▸ Your goal: Images don't belong in the copy. Output the rest of the data exactly.

---

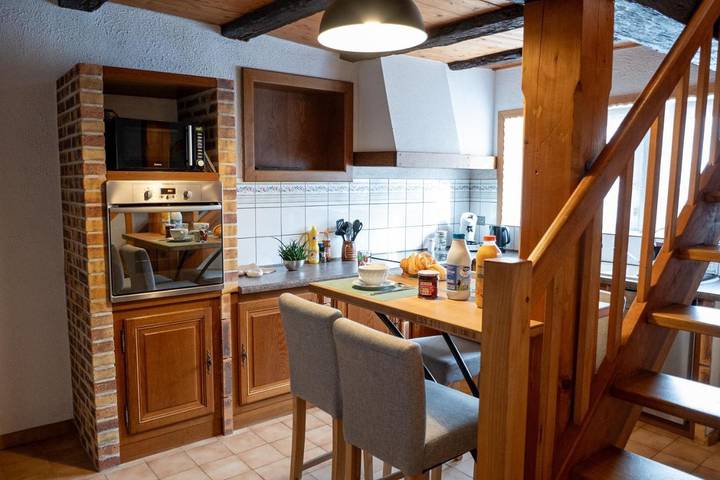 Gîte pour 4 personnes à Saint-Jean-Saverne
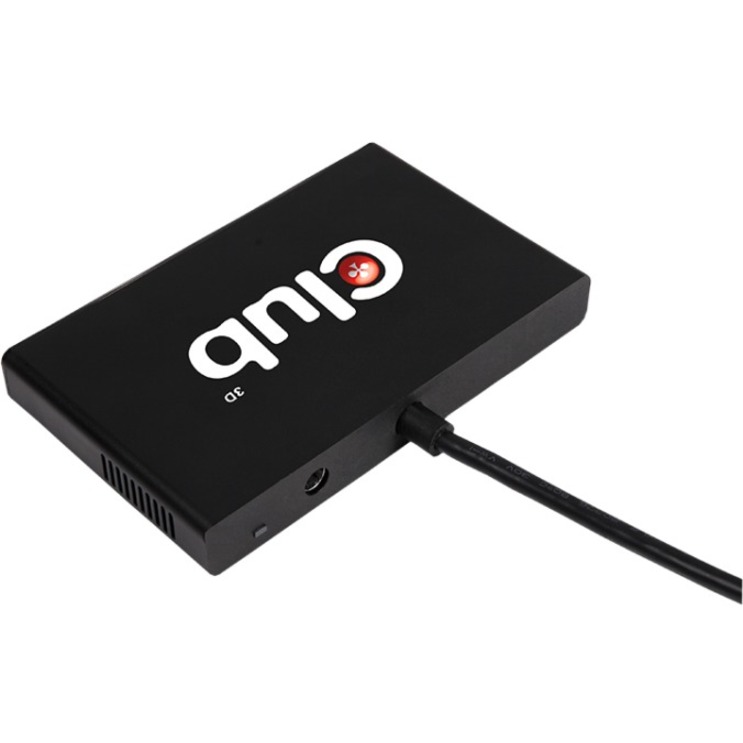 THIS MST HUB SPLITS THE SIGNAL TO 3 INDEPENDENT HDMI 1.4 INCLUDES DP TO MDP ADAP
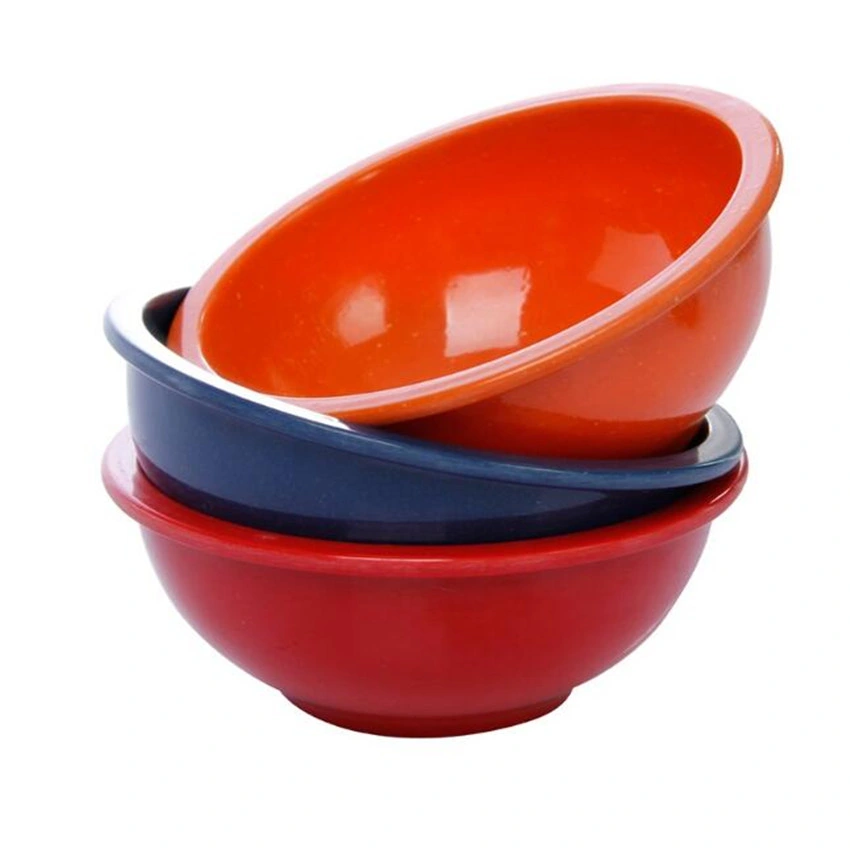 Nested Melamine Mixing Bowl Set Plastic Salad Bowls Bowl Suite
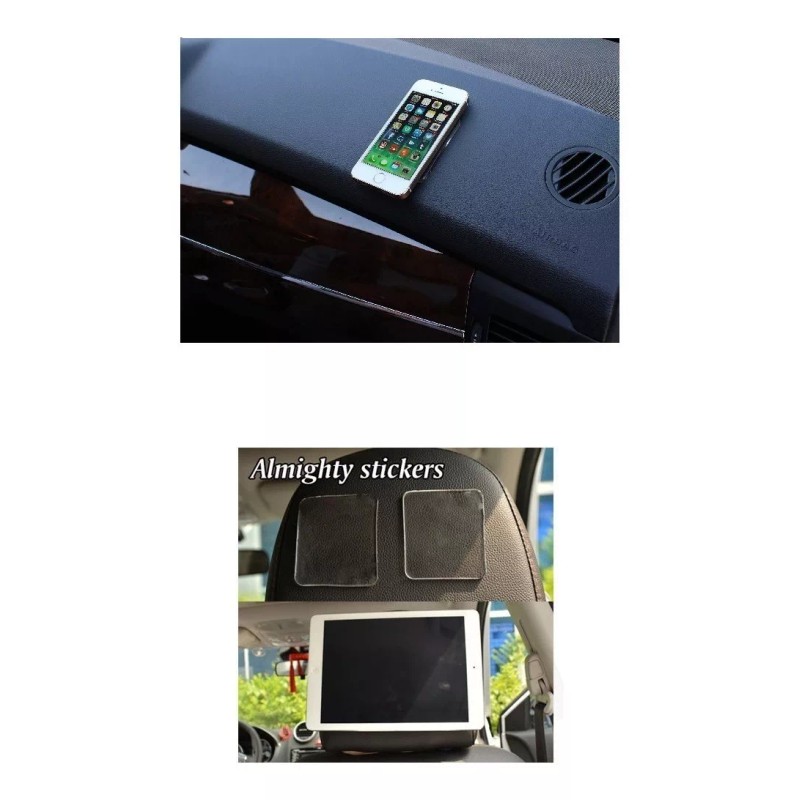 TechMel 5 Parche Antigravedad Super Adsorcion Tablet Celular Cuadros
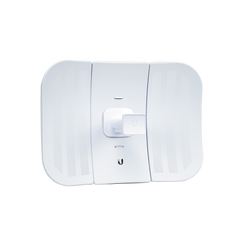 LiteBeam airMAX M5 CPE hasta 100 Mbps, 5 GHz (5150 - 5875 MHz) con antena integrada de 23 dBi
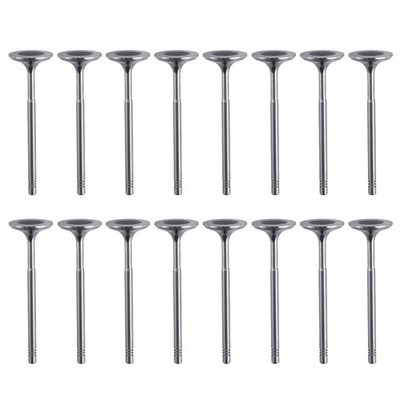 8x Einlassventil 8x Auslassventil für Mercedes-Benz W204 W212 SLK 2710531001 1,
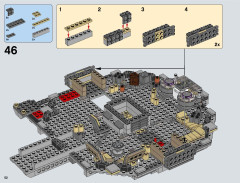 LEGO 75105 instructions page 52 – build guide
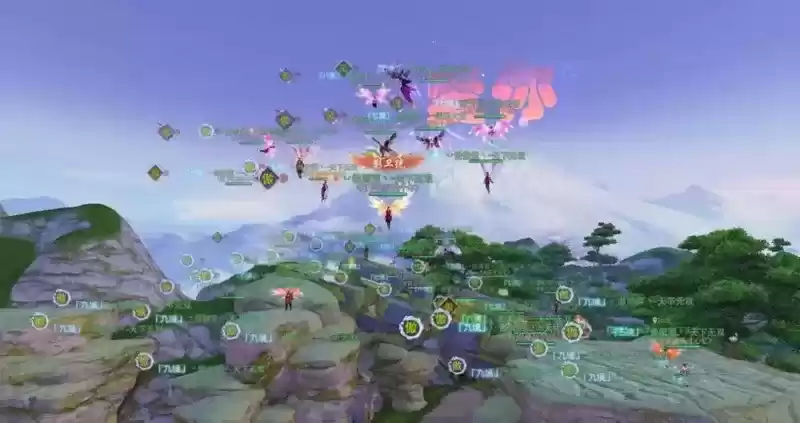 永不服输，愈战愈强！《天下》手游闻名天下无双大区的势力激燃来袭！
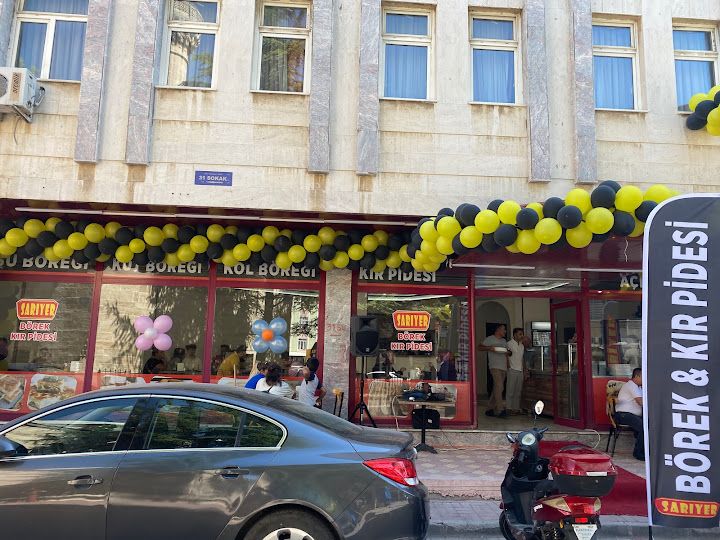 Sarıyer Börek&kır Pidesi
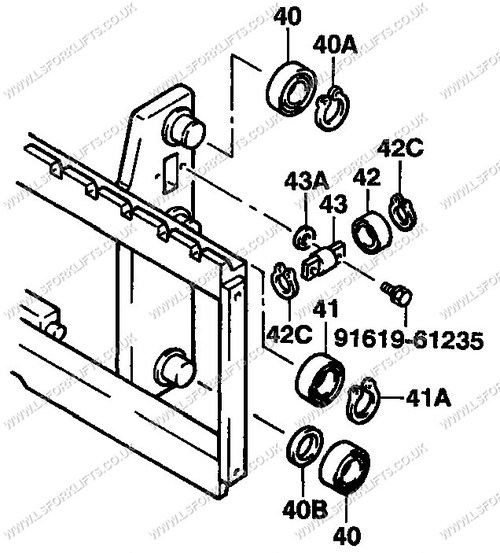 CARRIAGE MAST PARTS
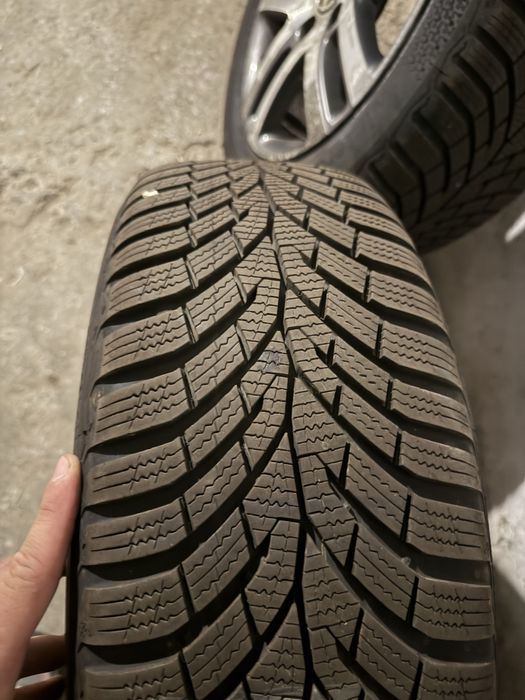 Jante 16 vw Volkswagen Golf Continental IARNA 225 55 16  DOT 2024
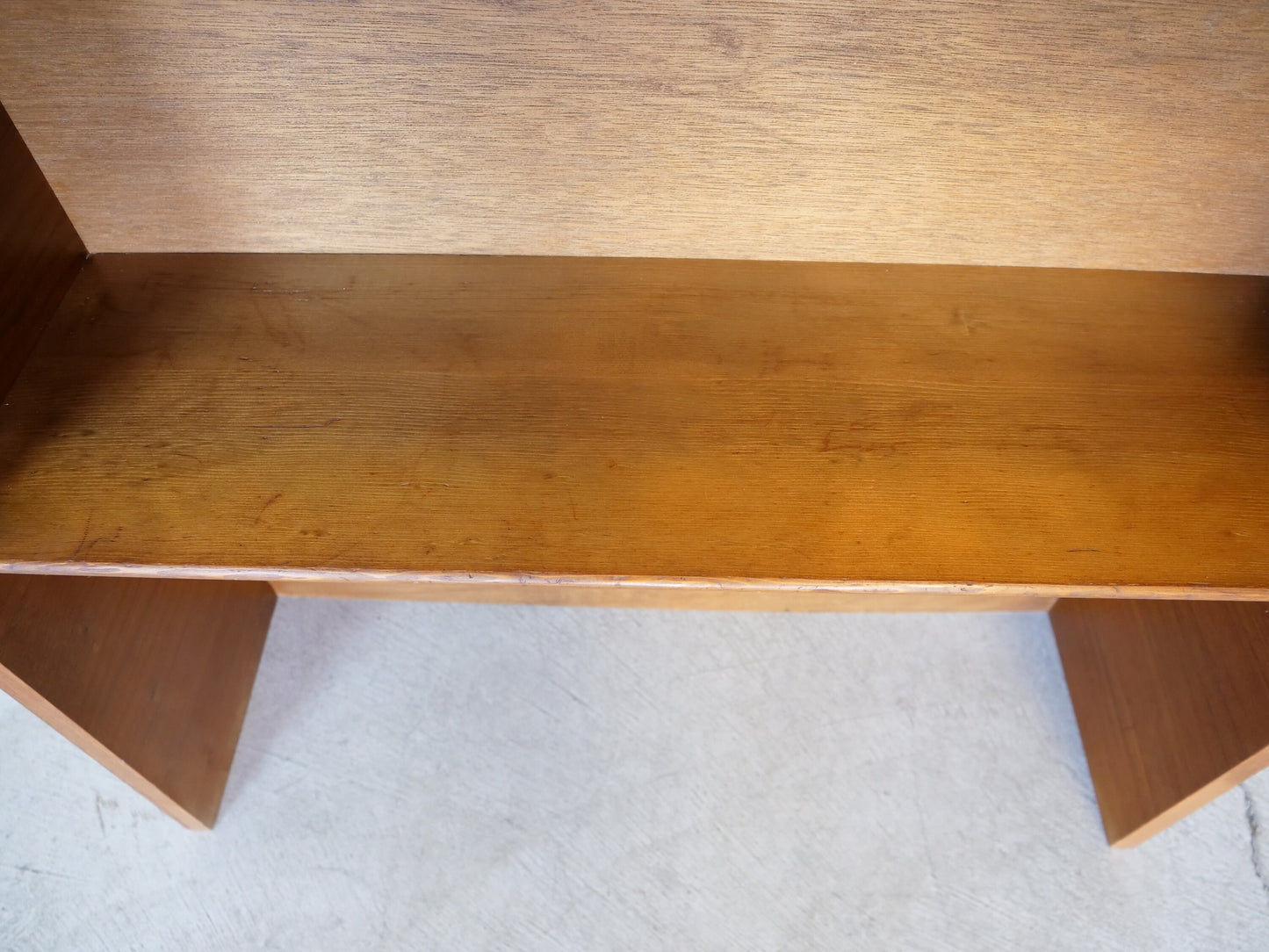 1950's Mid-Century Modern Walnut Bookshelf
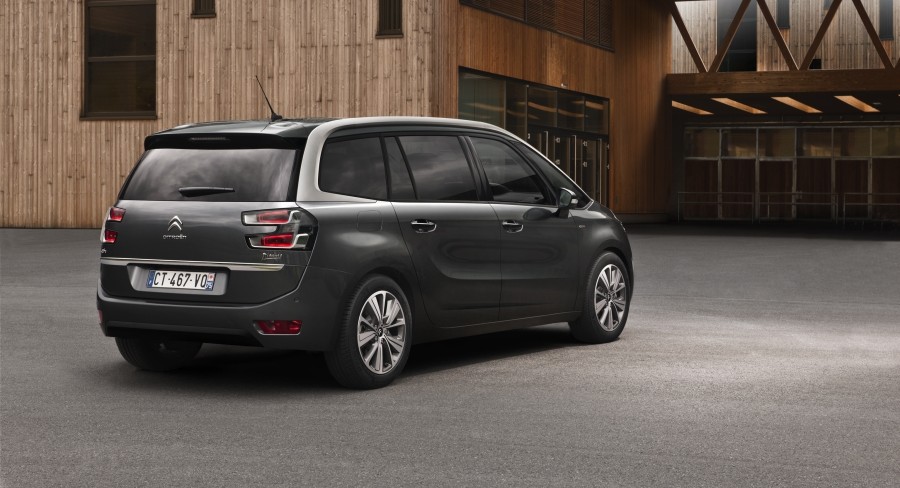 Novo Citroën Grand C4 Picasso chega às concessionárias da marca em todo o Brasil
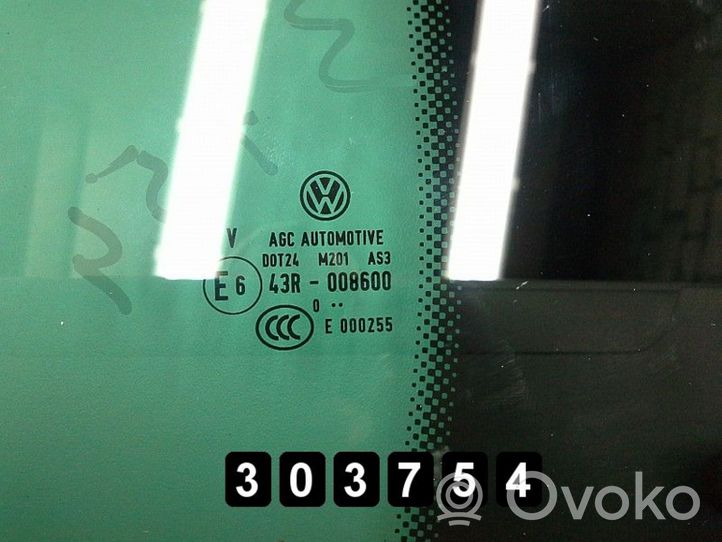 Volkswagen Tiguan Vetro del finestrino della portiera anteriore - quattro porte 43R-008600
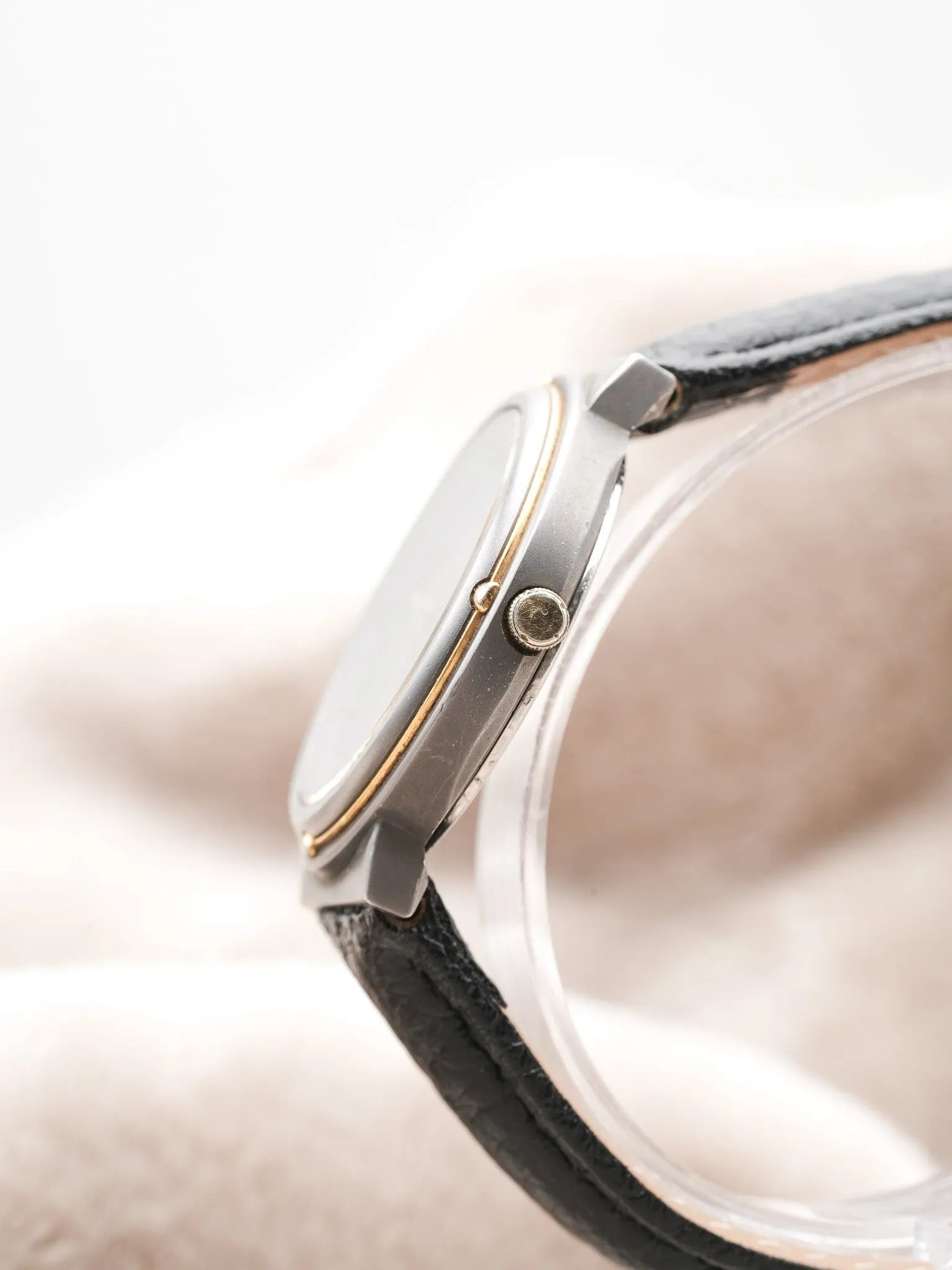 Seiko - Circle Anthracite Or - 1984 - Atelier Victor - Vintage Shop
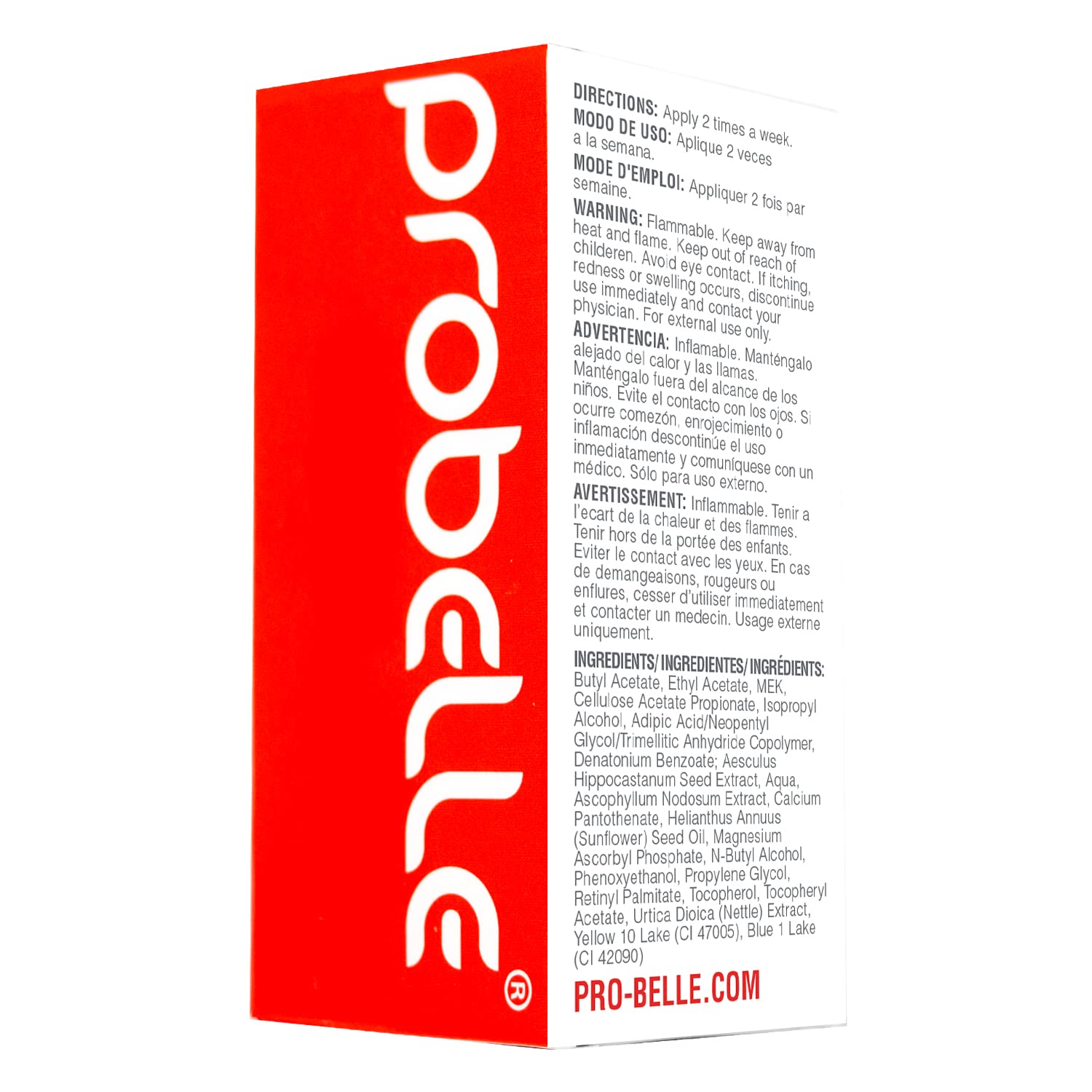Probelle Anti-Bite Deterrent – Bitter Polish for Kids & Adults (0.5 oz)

---

▸ Response area:
 Gîte pour 4 personnes à Saint-Jean-Saverne
 THIS MST HUB SPLITS THE SIGNAL TO 3 INDEPENDENT HDMI 1.4 INCLUDES DP TO MDP ADAP
 Nested Melamine Mixing Bowl Set Plastic Salad Bowls Bowl Suite
 TechMel 5 Parche Antigravedad Super Adsorcion Tablet Celular Cuadros
 LiteBeam airMAX M5 CPE hasta 100 Mbps, 5 GHz (5150 - 5875 MHz) con antena integrada de 23 dBi
 8x Einlassventil 8x Auslassventil für Mercedes-Benz W204 W212 SLK 2710531001 1,
 LEGO 75105 instructions page 52 – build guide
 永不服输，愈战愈强！《天下》手游闻名天下无双大区的势力激燃来袭！
 Sarıyer Börek&kır Pidesi
 CARRIAGE MAST PARTS
 Jante 16 vw Volkswagen Golf Continental IARNA 225 55 16  DOT 2024
 1950's Mid-Century Modern Walnut Bookshelf
 Novo Citroën Grand C4 Picasso chega às concessionárias da marca em todo o Brasil
 Volkswagen Tiguan Vetro del finestrino della portiera anteriore - quattro porte 43R-008600
 Seiko - Circle Anthracite Or - 1984 - Atelier Victor - Vintage Shop
Probelle Anti-Bite Deterrent – Bitter Polish for Kids & Adults (0.5 oz)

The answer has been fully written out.